Yale’s women’s squash team dominated its competition this past weekend, defeating both No. 12 Cornell and No. 7 Columbia on their home courts. The Elis took down the Lions in a 7–2 win on Saturday afternoon before continuing with a 8–1 defeat over the Big Red on Sunday.
“Columbia and Cornell were challenging opponents, especially on their home turfs, but everyone played their best game to close out key victories,” No. 4 Aishwarya Bhattacharya ’21 said. “The weekend was a great experience and we are very happy with the results.”
Four Bulldogs — No. 1 Lucy Beecroft ’20, No. 4 and captain Emily Sherwood ’19, No. 8 Nikita Joshi ’21 and No. 10 Ainsley Webber ’22 — won their matches against Columbia within just three games. No. 2 Helen Teegan ’21 and No. 7 Alexis Lazor ’21 played tight games to close out narrow victories and give the Elis seven wins on the day.

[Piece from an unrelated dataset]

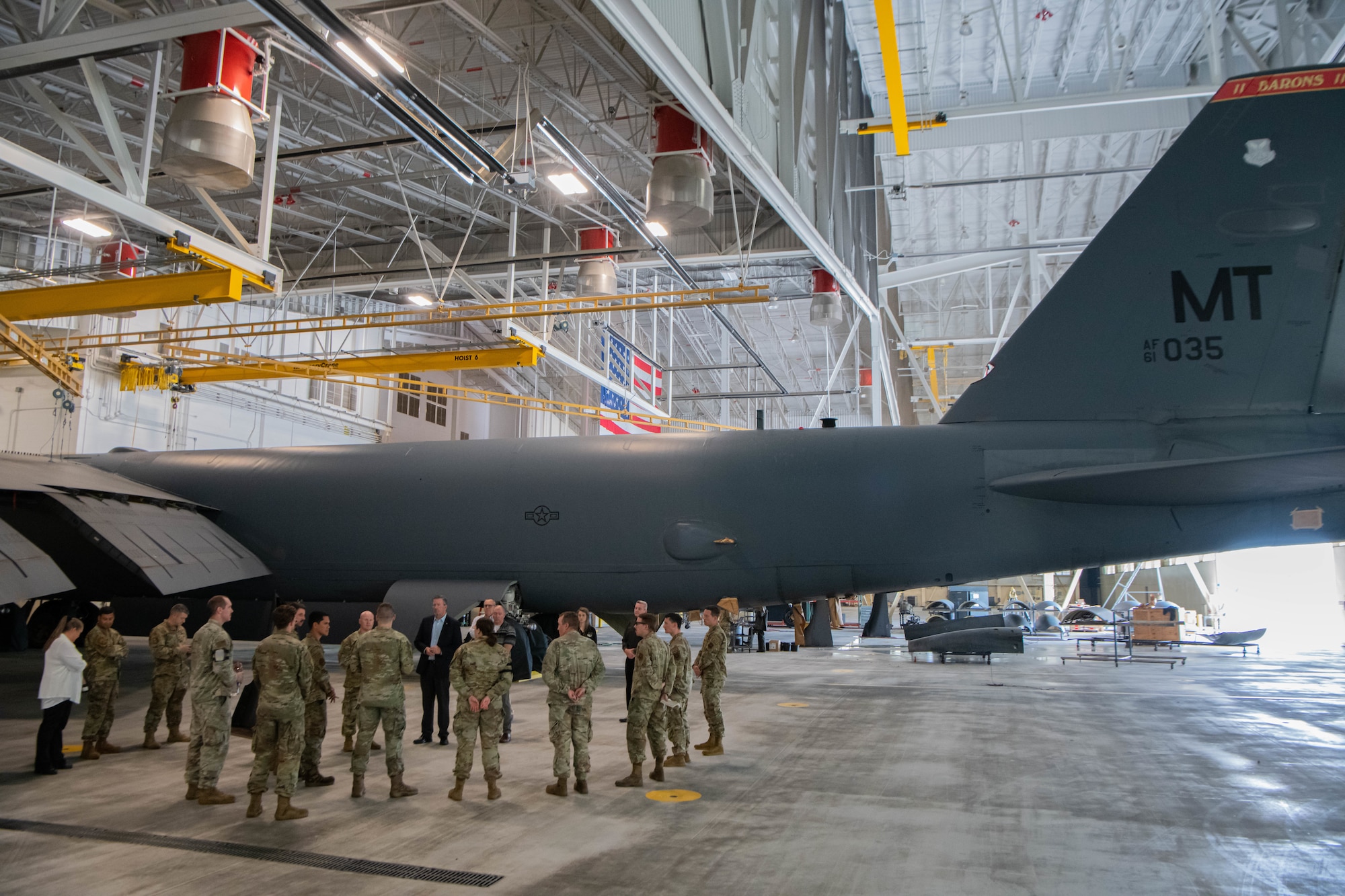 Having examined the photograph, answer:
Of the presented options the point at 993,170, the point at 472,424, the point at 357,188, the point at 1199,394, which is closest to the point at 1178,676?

The match against Cornell ended in a similar fashion, with No. 3 Celine Yeap ’19, Bhattacharya, Sherwood and No. 6 Riya Mital ’21 sweeping their opponents. Both Teegan and No. 9 Jessica Yacobucci ’20 lost their first round but won the next three that followed.
Columbia was determined to defeat Yale. But the Bulldogs’ positive spirit helped carry them through the weekend, according to Sherwood.
“Knowing [Columbia’s mentality], the Yale women went in with the mindset of defending our ranking and proving our level to not only the Columbia team but ourselves as well,” Sherwood said.
The seniors have provided special motivation to the first years. Yeap and Sherwood were particularly on point in January, with Yeap dropping a single match and Sherwood losing only three out of eight total matches.
“Watching the older girls like Lucy and Celine play is motivating for all of us. The skill Lucy has to compete against top professional players like she did in Cornell is inspiring,” No. 11 Molly Tomlinson ’22 said. “The patience and control Celine shows in her games is a great example of the mental strength we should all try to reach.”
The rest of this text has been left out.